Giustizia e scarcerazioni, Bartolozzi attacca Bonafede: “Non ha competenza”

Ancora polemiche sul tema delle scarcerazioni “eccellenti”. Oggi il ministro della Giustizia Alfonso Bonafede, in Commissione Giustizia alla Camera, ha detto che “la lotta alla mafia è prioritaria nell’azione del Governo ed è per questo che con il decreto legge n. 29, abbiamo previsto che le scarcerazioni motivate da esigenze di carattere sanitario siano rivalutate alla luce del nuovo contesto epidemiologico, per verificare se permangano o meno le condizioni che hanno giustificato l’uscita dagli istituti detentivi.

Il riferimento del ministro va ai detenuti per delitti di criminalità organizzata di tipo mafioso, terroristico e mafioso, o per delitti di associazione a delinquere legati al traffico di sostanze stupefacenti o per delitti commessi avvalendosi delle condizioni o al fine di agevolare l’associazione mafiosa, nonché di detenuti e internati sottoposti al regime del 41-bis.
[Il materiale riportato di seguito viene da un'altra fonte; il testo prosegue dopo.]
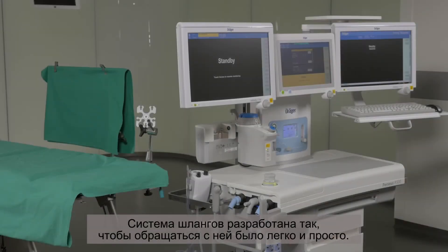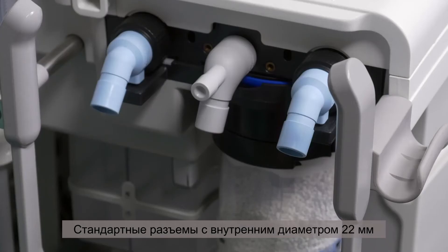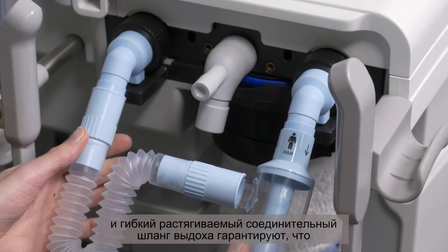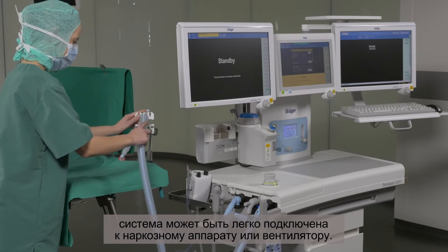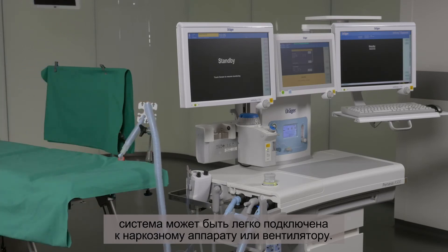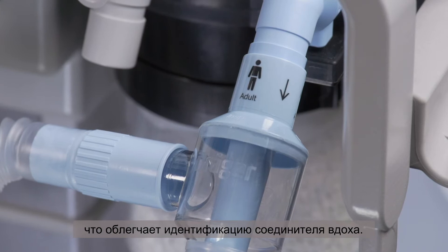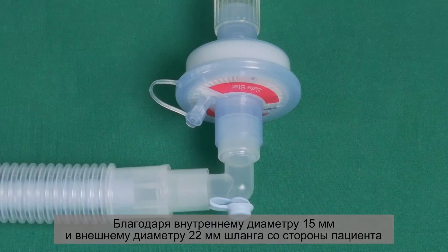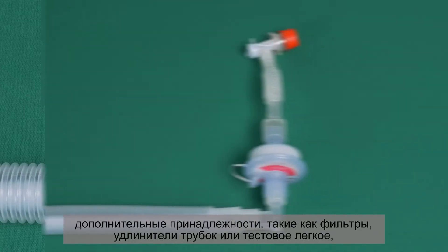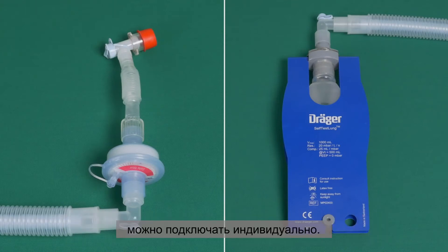The hose system is designed for easy and uncomplicated handling. The standard connectors with an inner diameter of 22 millimeters and the flexible extendable expiratory connection hose ensure that the system can be easily connected to an anesthesia or ventilation system. The arrow indicates the gas flow toward the patient and makes it easy to identify the inspiratory connector. Thanks to the inner diameter of 15 millimeters and the outer diameter of 22 millimeters on the patient side of the hose, additional accessories such as filters, tube extensions, or a test lung can be connected individually.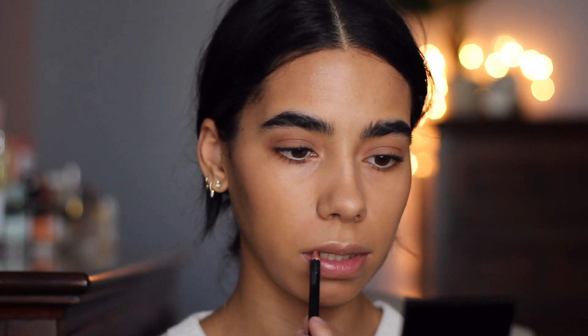Now I'm going to use this YSL lip liner in number 13 — I'm not going to try to pronounce the name, but it's like a browny nude color. I was looking for my Charlotte Tilbury Iconic Nude lip pencil but I have no idea where it's at, so I'm just going to use this and messily outline the lips. Then I'm going to take this Dior lip color — it's a matte lip color in the shade Hypnotic Matte, one of their newer liquid matte lip colors — and put that in the center of my lip, really working it in. I really love that lipped-in lip look and this product is great for that.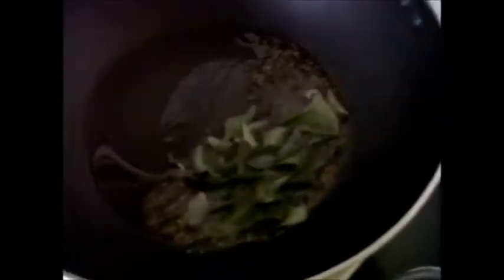Now we will start making this tomato chutney. Let us first heat the oil. With this hot oil, let us add mustard seeds, cumin seeds. Then we will add hing, curry leaves, and green chillies.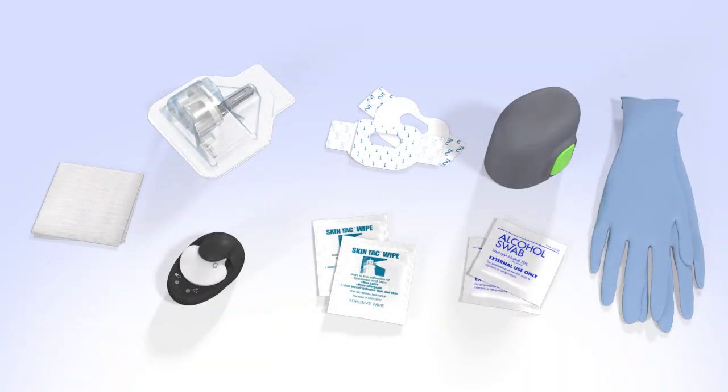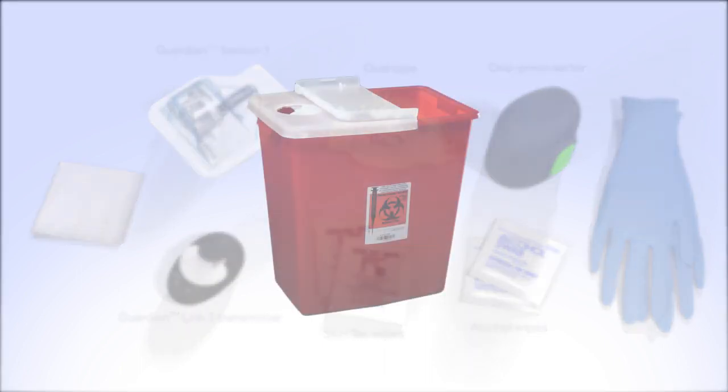When you are ready, gather the following supplies: a Guardian Sensor 3, the one-press serter, oval tape, a transmitter that has been fully charged, an alcohol wipe, Skintac wipes, any other optional off-the-shelf adhesive you plan to use, and a sharps container.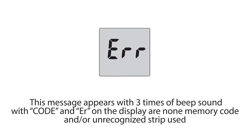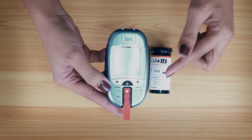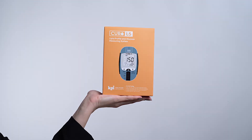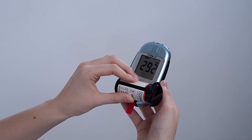Code and ER on the display means non-memory code or unrecognized strip is being used. Each vial of test strips has an RFID tag which enables the meter to recognize its code number automatically. To resolve this, you must code your meter before using it for the first time and each time you open a new bottle of test strips.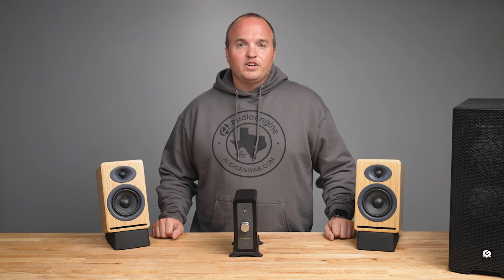Choose the audio source you want to connect to the N22 amplifier. The most common audio sources include computers, smartphones, tablets, or turntables. If your device plays music, the N22 can connect to it. For this tutorial, we will be connecting the N22 to a desktop computer.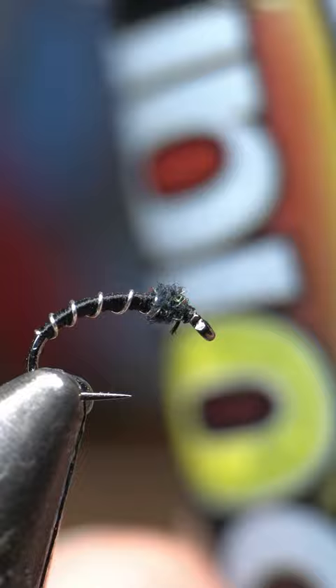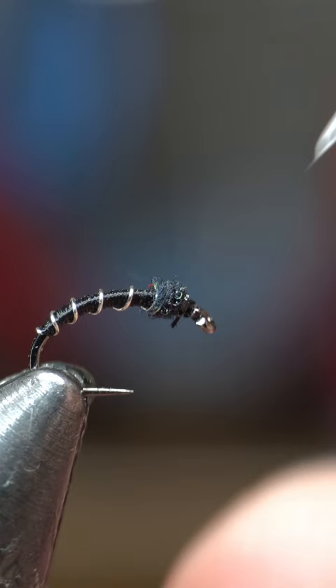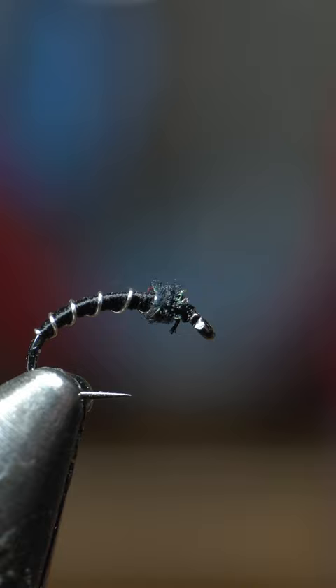And to finish this off, I'm going to use this Solarez Bone Dry. It's always good to secure that whip finish. This stuff is nice, so you just paint it on — it's really thin. Just make sure you don't get any in the eye of the hook, and then you just cure it with your UV light.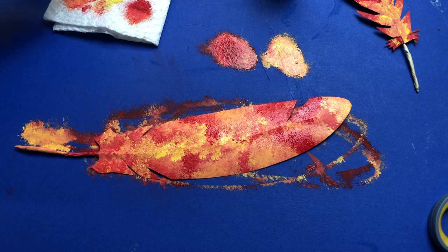Here it is - our phoenix feather! How did yours come out? I hope you enjoyed this project. Check out this video where the sorting hat himself stops by to draw along with me in the studio - things don't go quite as planned. Until next time, God bless.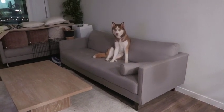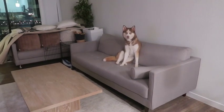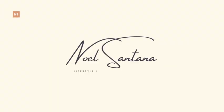Say bye-bye, Nala. Say bye to the couch. Hi guys, welcome to my channel. Welcome if you're new here. My name is Noelle and today we have a very, very fun video for you guys.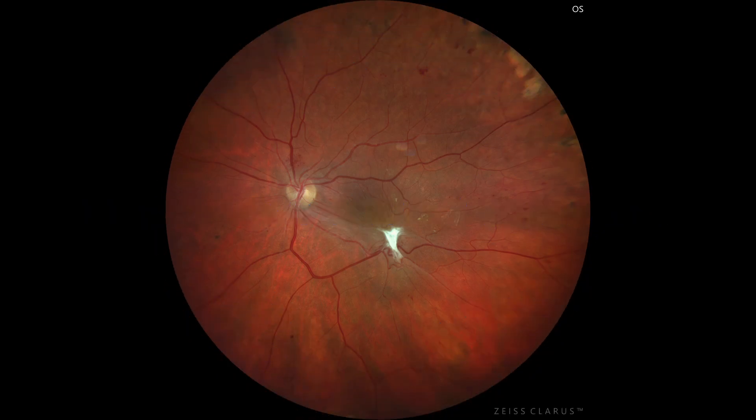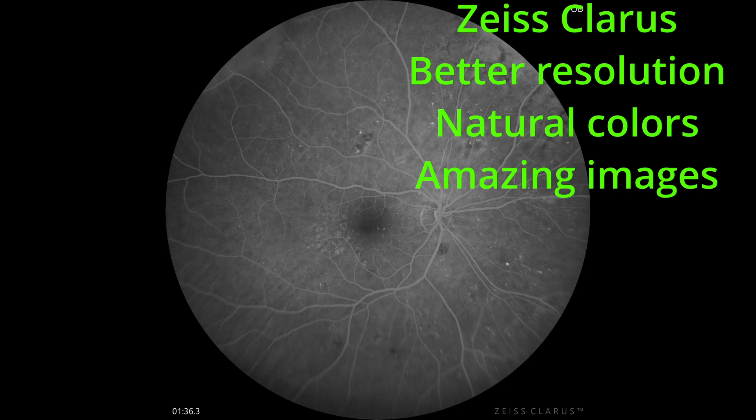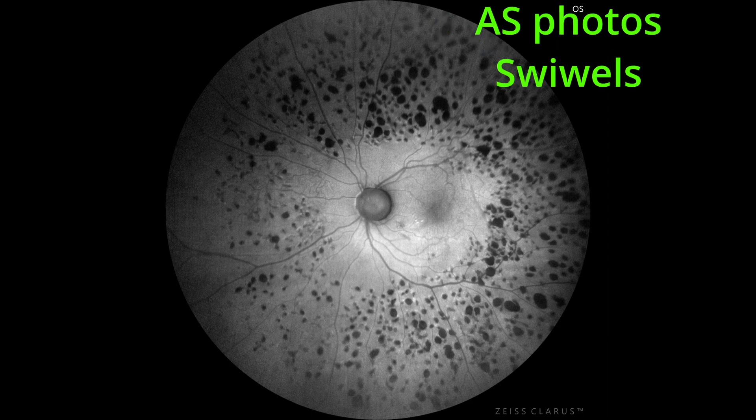Now for the competition. The first competitor is the Zeiss Clarus, which takes amazing images — there is something mesmerizing about them. Because it's confocal but not a scanning laser system, the colors are very natural, very close to indirect lens ophthalmoscopy. There are two types: the 500 with fundus photo and autofluorescence, and the 700 with fluorescein angiography. It has two types of autofluorescence, takes anterior segment photos, and swivels, so you can reach further into the periphery if the patient doesn't cooperate.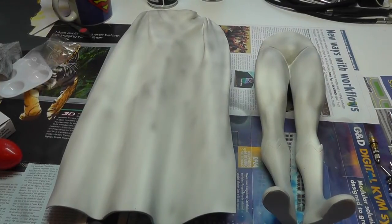Hey YouTube, welcome back to what I hope will be the last installment of my Superman Adopted Son paint-up.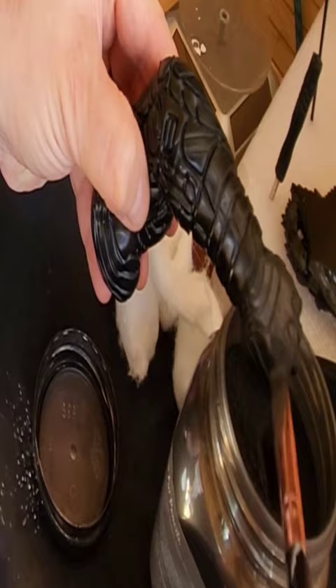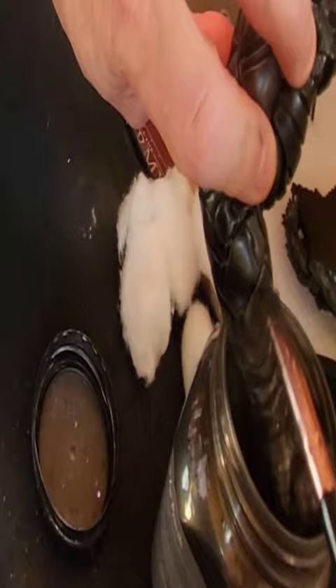It's messy so wear some gloves, but you will get it all over the place — don't worry, the end result will be worth it. Once it's on, get some cotton wool and buff like mad.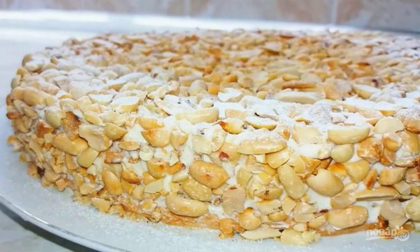I will tell you how to prepare a gift sponge cake for the festive table. You will like it with its juicy, airy sponge cake, delicate buttercream, and the taste of crunchy nuts.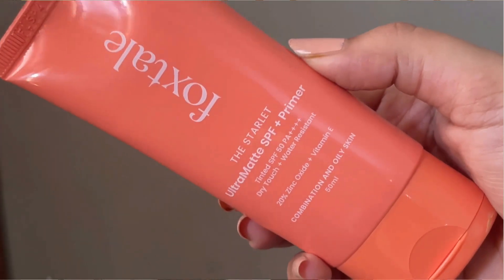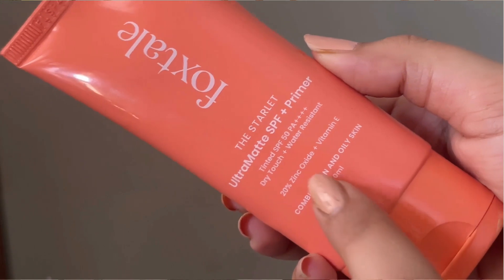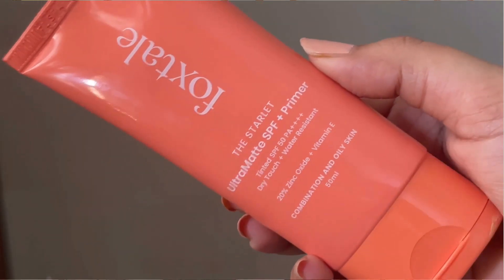Hi everyone, welcome back to my channel. Today I'm going to review the newly launched Foxtail tinted sunscreen. It's SPF 50 plus with a PA++++ rating, which means it has four times plus. It claims to be ultra matte, works as a primer, gives a dry touch finish, is water resistant, and is best for combination to oily skin type.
La deputata Giusi Bartolozzi (FI), segretario commissione giustizia e componente Antimafia, replica accusandolo di mancanza di competenza. “Bonafede ha sciorinato una serie di circolari emesse dal DAP senza porsi, e dunque risolvere, i veri temi della emergenza COVID all’interno delle carceri. Tantomeno abbiamo assistito ad una assunzione di responsabilità rispetto a quella che lui stesso ha definito emorragia carceraria. Abbiamo chiesto perchè in luogo di tre inutili decreti legge, emanati in una manciata di giorni durante il mese di aprile, il ministro Bonafede non ha ritenuto di normare per tempo, sin da gennaio, e così fronteggiare adeguatamente l’emergenza. Il problema del reato ostativo e lo scioglimento del cumulo delle pene, la modifica legislativa dei benefici penitenziari indicati nell’art. 4-bis O.P., una riflessione sul cd doppio binario, misure atte a garantire un’adeguata circolarità delle informazioni per la magistratura di sorveglianza. Di tutto ciò non vi è traccia neppure nell’ultimo dei decreti emanati dal Guardasigilli che, per la portata retroattiva delle sue disposizioni, siamo sicuri si presterà anche a eccezioni di legittimità costituzionale”.